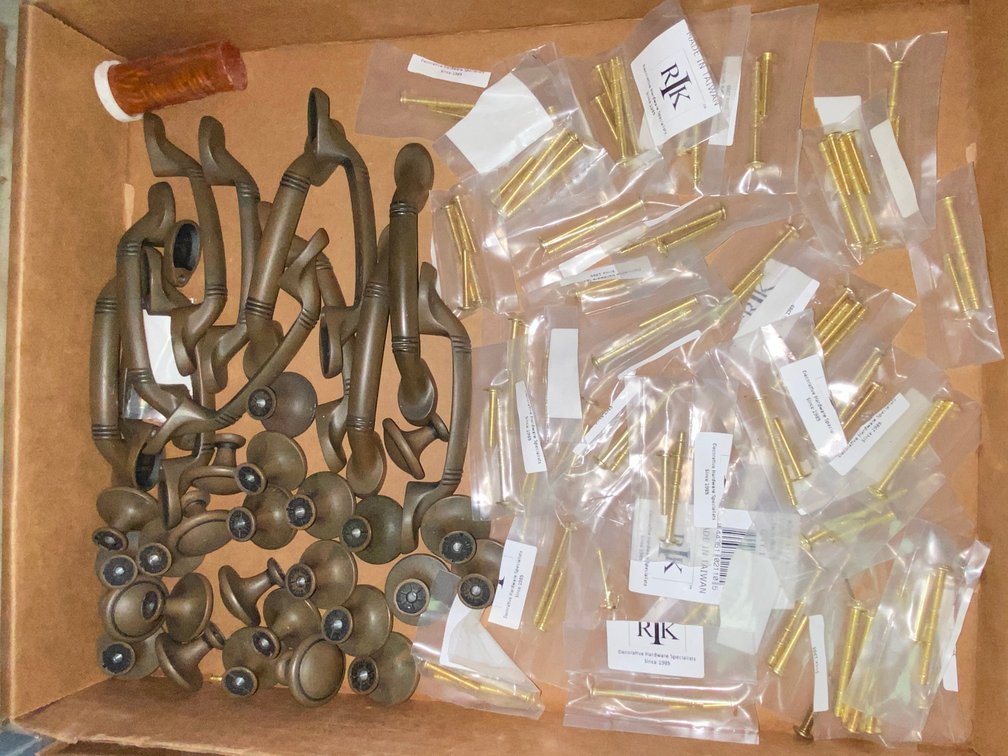 Metal Cabinet Pull Handles, Knobs, and Mounting Screws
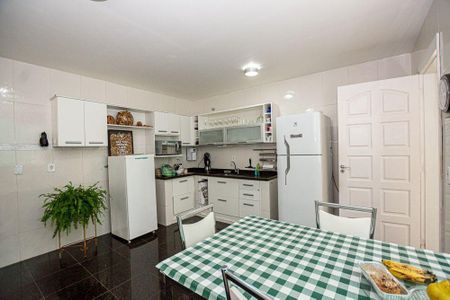 Casa à venda com 412m², 4 quartos e 2 vagas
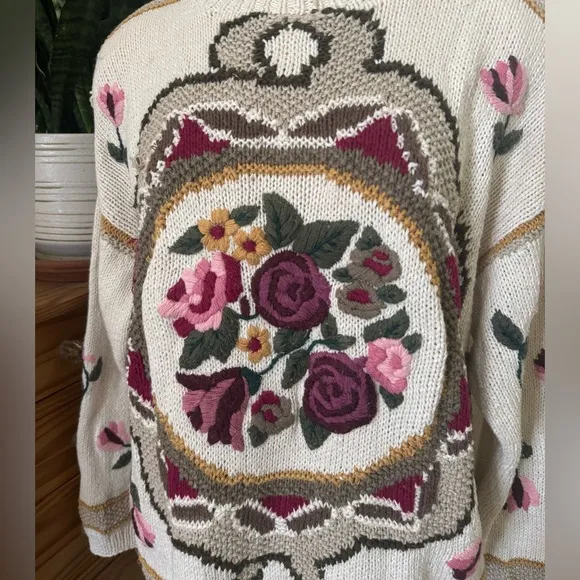 Vintage Handknitted Floral Embroidered Knit Sweater by C.I.E Express Medium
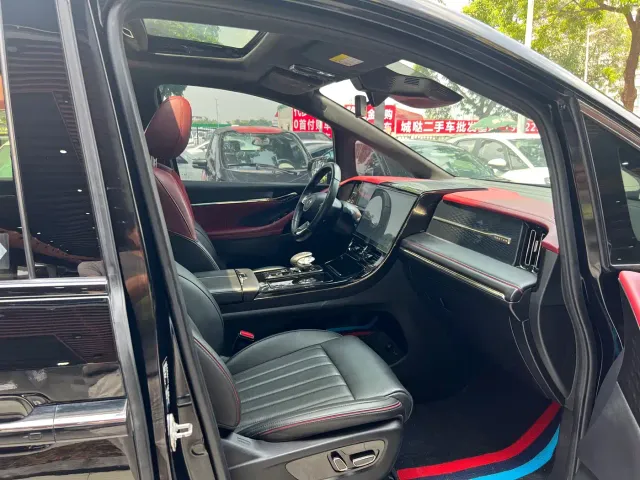 GAC Trumpchi Trumpchi M8 2023 Model Master Series Hybrid Ultimate Edition — Фото автомобиля 9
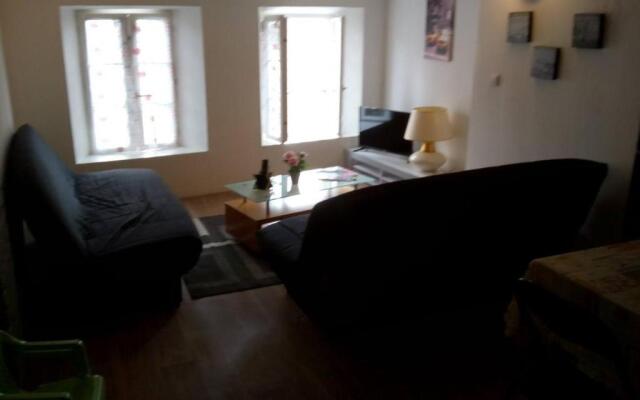 Duplex 2 au centre de MIRECOURT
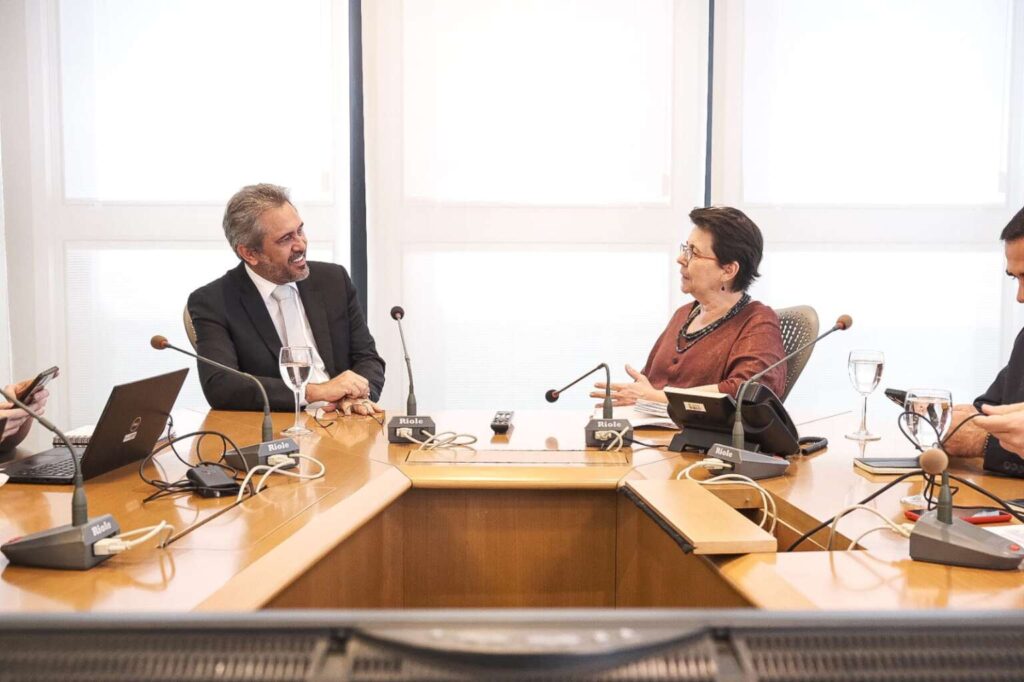 Tereza Campello, diretora socioambiental do BNDES e governador do Ceará, Elmano de Freitas Sertão Vivo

▶ _WORK REQUIRED_: The answer is a faithful copy of the records above, with the pictures removed.

▶ _RESPONSE BELOW_:
 Metal Cabinet Pull Handles, Knobs, and Mounting Screws
 Casa à venda com 412m², 4 quartos e 2 vagas
 Vintage Handknitted Floral Embroidered Knit Sweater by C.I.E Express Medium
 GAC Trumpchi Trumpchi M8 2023 Model Master Series Hybrid Ultimate Edition — Фото автомобиля 9
 Duplex 2 au centre de MIRECOURT
 Tereza Campello, diretora socioambiental do BNDES e governador do Ceará, Elmano de Freitas Sertão Vivo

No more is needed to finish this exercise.